NFL teams are experiencing much the same difficulty as AIG and other Wall Street titans, namely: Who’s in charge? And whose fault is this?
The Washington Redskins are the epitome. After a mediocre season beginning, they have decided to remove their new coach, Jim Zorn, from his sideline position of calling the plays and substitute the recently hired offensive consultant Sherman Lewis as the man to mutter the numbers by wireless to the quarterback, who by the way probably will be subbed as well. The playcalling is the product of what team observers see from perches aloft and what Zorn, now Sherman, decides from field-level. And God knows how many other observers have access to the decisions.
In other words, the 11 men out there playing the game are mere chessmen. Zorn-Sherman has a microphone that radios his quarterback’s helmet receiver what plays to call. To prevent lip-reading spying, he and other sideline coaches mutter the plays into a microphone with a sheet of paper covering their mouths. I say: UNCOVER!
Let football revert to what it used to be — a game run essentially by the quarterback who has a view of the field, sees the weaknesses in the defense, knows the day-to-day expertise of his own players — receivers in particular — and runs the game.
What, you say? Remove the headsets from the automatons we now call quarterbacks?

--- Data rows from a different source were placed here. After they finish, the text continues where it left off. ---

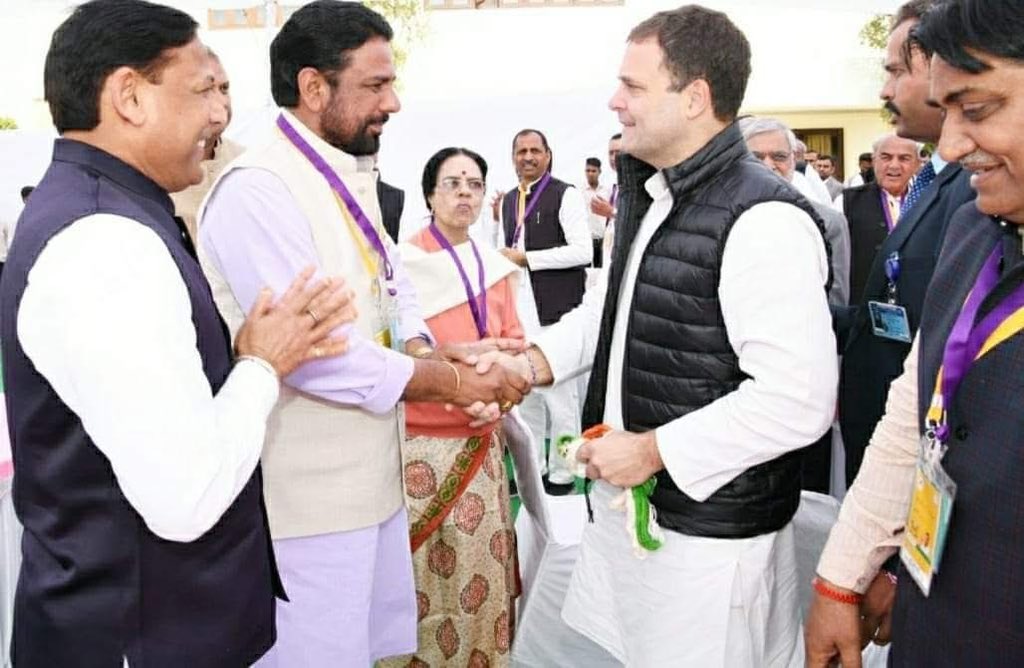लोकसभा में नेता प्रतिपक्ष Rahul Gandhi जी को जन्मदिन की हार्दिक शुभकामनाएं।
ईश्वर आपको उत्तम स्वास्थ्य एवं दीर्घायु प्रदान करें।<a href="/RahulGandhi/">Rahul Gandhi</a>
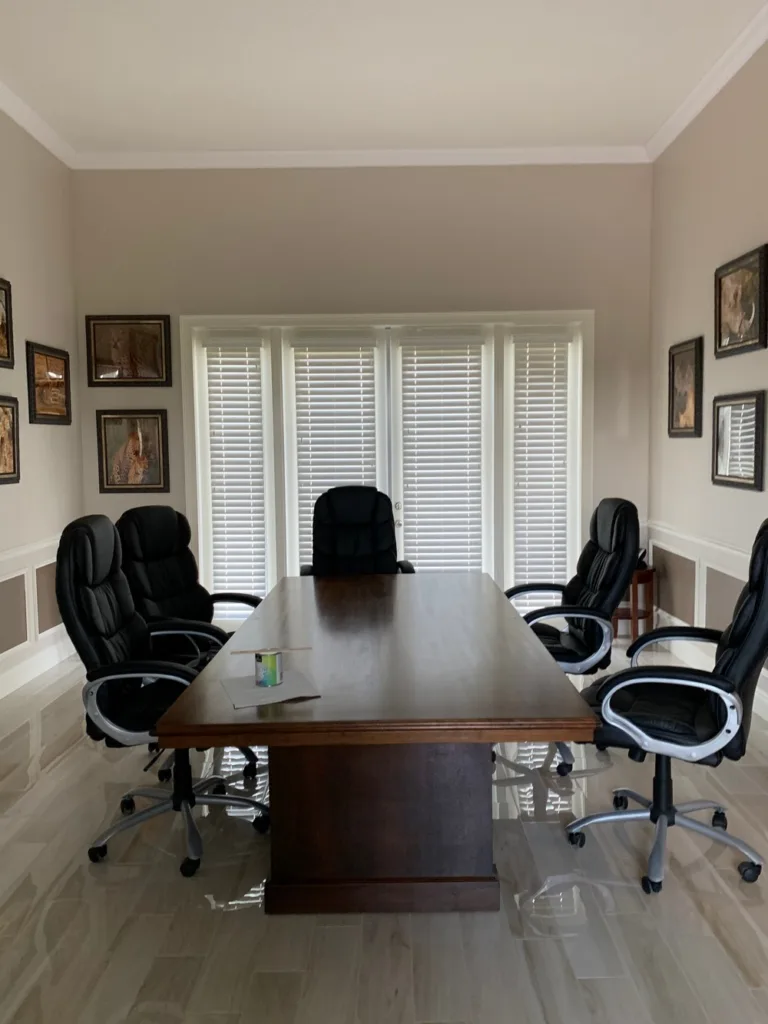 venetian-blinds-faux-wood-and-real-wood-3
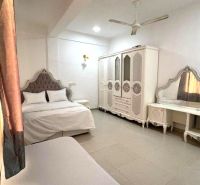 Geräumiges Schlafzimmer mit eleganten Möbeln in einer 2-Zimmer-Wohnung.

Let the sideline coach signal an occasional play. But let the man who must finally lead the team lead the team. As things now stand, in the Redskins’ case, Zorn is slowly being eviscerated. I say, eviscerate them all. Outlaw and abandon the wireless mics and let the game revert to what it was: one man with particular skills captaining a team, playing the game, finding the weaknesses of the opposition, listening to the intelligence of his teammates in the huddle, and coming up with solutions.
Let the coaches coach. Teach technique where it needs it on the practice field. advising in timeouts and at half-time what he deems are advisable strategies, but allowing the quarterback to play the game.
True, this may vitiate the need for 20 plays in the playbook. There may be some unemployment at practice. But it will return the game to what it once was: a contest played on a field where conditions and responses made all the difference. It was a game once called football. A great game.